The virtual network must include two subnets dedicated to Azure Databricks:

  1. A private subnet with a configured network security group that allows cluster-internal communication

  2. A public subnet with a configured network security group that allows communication with the Azure Databricks control plane.

Address space

A CIDR block between /16 - /24 for the virtual network and a CIDR block between /18 - /26 for the private and public subnets.

Whitelisting

All outbound and inbound traffic between the subnets and the Azure Databricks control plane must be whitelisted.

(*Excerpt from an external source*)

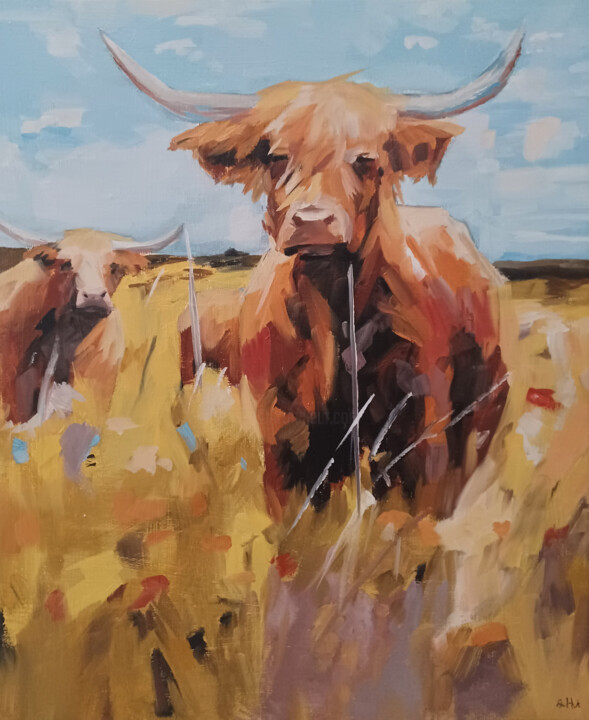 Malarstwo zatytułowany „scottish cow” autorstwa Alexandre Howden, Oryginalna praca, Olej Zamontowany na Drewniana rama noszy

Create an Azure Databricks workspace

This section describes how to create an Azure Databricks workspace in the Azure portal and deploy it in your own existing virtual network. Azure Databricks updates the virtual network with two new subnets and network security groups using CIDR ranges provided by you, whitelists inbound and outbound subnet traffic, and deploys the workspace to the updated virtual network.

Prerequisites

You must have a virtual network to which you will deploy the Azure Databricks workspace. You can use an existing virtual network or create a new one, but the virtual network must be in the same region as the Azure Databricks workspace that you plan to create. A CIDR range between /16 - /24 is required for the virtual network.

Warning

A workspace with a smaller virtual network–that is, a lower CIDR range–can run out of IP addresses (network space) more quickly than a workspace with a larger virtual network. For example, a workspace with a /24 virtual network and /26 subnets can have a maximum of 64 nodes active at a time, whereas a workspace with a /20 virtual network and /22 subnets can house a maximum of 1024 nodes.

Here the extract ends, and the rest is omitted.